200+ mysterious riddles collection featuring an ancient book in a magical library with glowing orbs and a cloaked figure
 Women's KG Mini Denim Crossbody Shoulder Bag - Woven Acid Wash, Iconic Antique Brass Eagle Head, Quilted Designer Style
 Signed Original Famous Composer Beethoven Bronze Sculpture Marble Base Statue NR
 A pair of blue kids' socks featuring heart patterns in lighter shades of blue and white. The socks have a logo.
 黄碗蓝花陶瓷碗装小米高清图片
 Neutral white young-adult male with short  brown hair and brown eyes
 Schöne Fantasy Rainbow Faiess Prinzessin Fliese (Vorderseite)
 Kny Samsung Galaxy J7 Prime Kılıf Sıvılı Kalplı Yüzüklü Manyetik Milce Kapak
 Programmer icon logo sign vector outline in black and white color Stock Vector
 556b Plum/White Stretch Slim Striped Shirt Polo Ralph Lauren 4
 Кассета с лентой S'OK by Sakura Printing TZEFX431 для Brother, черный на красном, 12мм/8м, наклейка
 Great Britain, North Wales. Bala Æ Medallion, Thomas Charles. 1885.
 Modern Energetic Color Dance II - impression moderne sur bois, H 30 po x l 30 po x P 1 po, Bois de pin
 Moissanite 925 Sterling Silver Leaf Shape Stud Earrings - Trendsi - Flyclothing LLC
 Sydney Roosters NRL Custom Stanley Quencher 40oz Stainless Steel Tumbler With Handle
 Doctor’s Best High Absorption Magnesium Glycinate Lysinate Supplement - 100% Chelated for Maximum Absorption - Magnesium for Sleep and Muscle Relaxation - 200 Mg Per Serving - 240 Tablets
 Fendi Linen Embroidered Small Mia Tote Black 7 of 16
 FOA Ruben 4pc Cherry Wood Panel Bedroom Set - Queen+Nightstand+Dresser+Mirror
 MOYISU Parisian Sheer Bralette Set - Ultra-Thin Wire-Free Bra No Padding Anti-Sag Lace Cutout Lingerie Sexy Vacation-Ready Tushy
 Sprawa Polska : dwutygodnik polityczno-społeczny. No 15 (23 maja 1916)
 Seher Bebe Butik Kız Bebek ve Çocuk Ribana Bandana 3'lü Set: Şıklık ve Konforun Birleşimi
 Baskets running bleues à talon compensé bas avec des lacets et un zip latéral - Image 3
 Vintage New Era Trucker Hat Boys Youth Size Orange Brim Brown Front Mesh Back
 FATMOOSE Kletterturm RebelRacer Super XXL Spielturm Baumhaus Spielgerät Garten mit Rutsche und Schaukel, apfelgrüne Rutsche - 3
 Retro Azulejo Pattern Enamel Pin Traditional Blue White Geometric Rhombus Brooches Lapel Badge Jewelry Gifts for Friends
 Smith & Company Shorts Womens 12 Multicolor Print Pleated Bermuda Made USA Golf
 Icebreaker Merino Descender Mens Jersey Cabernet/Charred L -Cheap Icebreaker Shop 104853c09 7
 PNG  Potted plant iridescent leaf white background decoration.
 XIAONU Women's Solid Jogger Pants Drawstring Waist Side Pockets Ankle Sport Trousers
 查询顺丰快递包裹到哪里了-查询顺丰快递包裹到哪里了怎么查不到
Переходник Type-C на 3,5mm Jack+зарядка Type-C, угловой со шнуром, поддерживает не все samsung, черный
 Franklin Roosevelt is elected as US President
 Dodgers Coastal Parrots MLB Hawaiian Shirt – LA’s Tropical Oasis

◆ **Your objective**: In the listing above, find the line with "A pair of blue" and the line with "Schöne Fantasy Rainbow". Output those two lines and every line between them, exactly as written.

◆ **The answer**:
 A pair of blue kids' socks featuring heart patterns in lighter shades of blue and white. The socks have a logo.
 黄碗蓝花陶瓷碗装小米高清图片
 Neutral white young-adult male with short  brown hair and brown eyes
 Schöne Fantasy Rainbow Faiess Prinzessin Fliese (Vorderseite)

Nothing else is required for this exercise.